第1866話
黒狼に向かい、レイは真っ直ぐに突っ込んでいく。
右手にデスサイズ、左手に黄昏の槍という、いつもの二槍流。
そんなレイが真っ直ぐに近づいてくるのを、黒狼はいつものように転移で回避するでもなく、ただじっと見つめていた。
……ただし、黒狼の目の中にあるのは、激しい飢えだ。
それこそ、このままでは飢えで死んでしまいかねないという、強烈な飢え。
自分に近づいてくるレイを見て、自分の命を奪う敵ではなく、自らが喰らう餌であると、そう認識している視線。
(予想していたよりも、飢えが強いな。てっきり、もう少し余裕があると思ってたんだけど)

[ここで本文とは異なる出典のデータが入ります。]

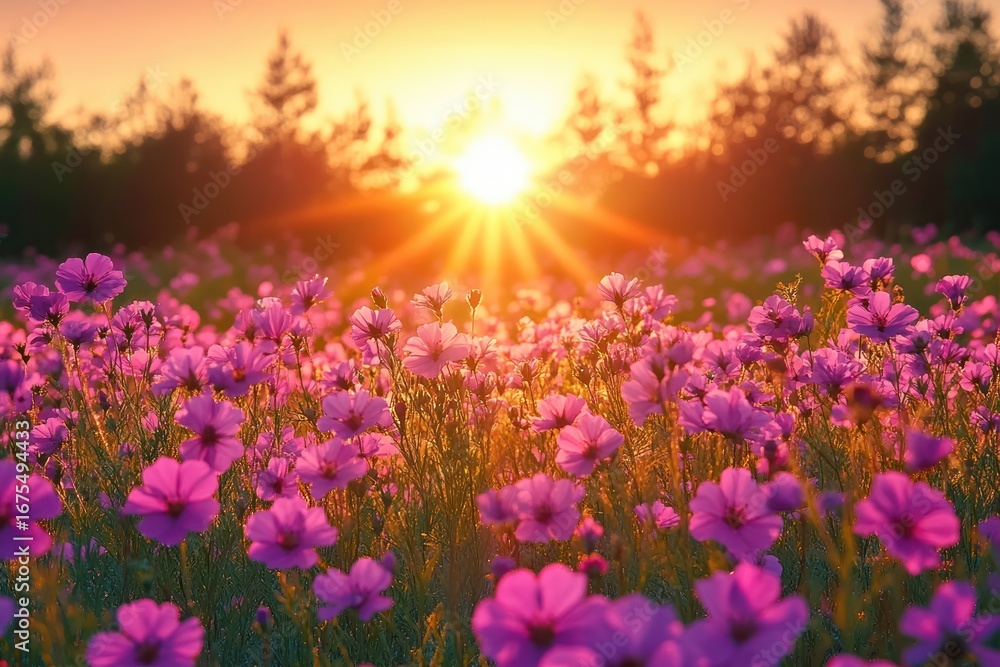Fototapeta premium Vibrant purple wildflowers blooming in a sunlit meadow at golden sunset with trees silhouetted in the background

デスサイズの一撃が、具体的にどれだけの傷を与えたのか、それはもう傷が回復してしまった今では分からない。
だが、一撃で胴体を切断する……とまでいかなかったのを見れば、それは致命傷ではなかったのは間違いない。
その一撃がどれだけの深さのダメージだったのか。
それが分からない以上、レイは再度同じような……もしくはより強烈な一撃を与える必要があった。
「とにかく、やってみるのが一番だろ!」
声を発しつつ、丁度間合いが詰まったところでレイはデスサイズを振るう。
空気どころか、空間そのものすら斬り裂くかのような、強烈な一撃。
そんな一撃を、黒狼は獣じみた仕草で地面にしゃがみ、回避する。
(何?)
一瞬の疑問を感じつつ、レイは地面にしゃがんだ黒狼に向け、左手の黄昏の槍の一撃を放つ。
だが、黒狼はその一撃もまた真横に跳ぶことによって回避した。
(何?)
そんな黒狼の様子に、一瞬前と同じ疑問を抱くレイ。
今までであれば、黒狼はスキルの転移を使ってレイの攻撃を回避していた筈だった。
レイの攻撃は、デスサイズであろうと黄昏の槍だろうと、当たれば一撃で致命傷になりかねない威力を持つ。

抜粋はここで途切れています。